When I started Cashtime Life, my intention was to create a platform that was not only a business but also a creative hub that would help me and other young, energetic and like-minded artists to get their dreams out. Although plenty of people warned me against embarking on that journey, my selfless and holistic business approach was meant to sustain Teargas after all of its success. That’s why Cashtime Fam was formed. Fast-forward to the collective deciding to launch solo careers: I opted to re-brand the movement as Cashtime Life.
Sadly, not everyone was on the same wavelength.
Because some of my brothers did not share the vision, they decided to exclude themselves from the new set-up – but that’s a story for another day.
Today, I’d like to address a few things. Firstly I’d like to take this moment to wish my brother and friend, Kid X, all the best on his journey as an artist and his new 88 King vision. I am super proud of him.

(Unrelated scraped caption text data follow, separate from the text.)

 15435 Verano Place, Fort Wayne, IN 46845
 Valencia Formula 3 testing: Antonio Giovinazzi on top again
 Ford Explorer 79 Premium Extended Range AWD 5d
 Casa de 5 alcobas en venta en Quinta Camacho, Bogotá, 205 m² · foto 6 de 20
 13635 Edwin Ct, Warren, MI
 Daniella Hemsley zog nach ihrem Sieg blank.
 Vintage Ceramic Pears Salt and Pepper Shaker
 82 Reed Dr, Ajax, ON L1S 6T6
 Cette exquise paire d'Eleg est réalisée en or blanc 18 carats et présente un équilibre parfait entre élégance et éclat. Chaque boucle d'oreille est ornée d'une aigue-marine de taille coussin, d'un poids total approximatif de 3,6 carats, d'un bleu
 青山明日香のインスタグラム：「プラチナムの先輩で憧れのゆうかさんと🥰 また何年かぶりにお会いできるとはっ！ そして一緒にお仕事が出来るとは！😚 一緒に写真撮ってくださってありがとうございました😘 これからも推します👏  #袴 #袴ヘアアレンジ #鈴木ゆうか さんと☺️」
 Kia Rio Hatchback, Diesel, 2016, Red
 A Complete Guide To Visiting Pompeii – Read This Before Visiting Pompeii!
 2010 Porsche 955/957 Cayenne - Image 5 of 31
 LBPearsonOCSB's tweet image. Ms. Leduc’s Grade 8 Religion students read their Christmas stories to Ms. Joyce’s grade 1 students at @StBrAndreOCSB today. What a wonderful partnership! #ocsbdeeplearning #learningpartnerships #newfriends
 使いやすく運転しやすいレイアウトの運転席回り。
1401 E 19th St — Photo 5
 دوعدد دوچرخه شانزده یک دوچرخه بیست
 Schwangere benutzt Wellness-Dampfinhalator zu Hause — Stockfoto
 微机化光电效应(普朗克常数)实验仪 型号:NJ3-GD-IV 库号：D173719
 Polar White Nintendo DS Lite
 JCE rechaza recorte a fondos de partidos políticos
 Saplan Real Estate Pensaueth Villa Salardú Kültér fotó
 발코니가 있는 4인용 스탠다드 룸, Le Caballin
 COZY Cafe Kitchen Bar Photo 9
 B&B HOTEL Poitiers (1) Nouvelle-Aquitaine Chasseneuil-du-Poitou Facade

I have similar sentiments about Moozlie. I will love and support you guys always!
The success of Caracara put me in a position to bring some of the Cashtime Life guys to my shows and share a portion of my booking fees with them. This was done in the name of getting their brands out there and building my team.
In the spirit of empowering others, I took many of my own beats, concepts and hooks then gave them to some of the guys. Those songs quickly turned them into household names. I was happy to see everyone flourish and generate their own income!
My album, Skhanda Republic, was released in 2014 and was essentially the sole marketing tool at our disposal at the time. Kid X, Maggz and Ma-E were set to be the next ones to go off and shut down 2015 but none of their albums were ready by July of that year.
After recording DJ Vigi’s Pasop, the office decided to create an album called the Cashtime Life All Stars. But recording it took so long, I was afraid we’d miss the festive season deadline so we canned the project.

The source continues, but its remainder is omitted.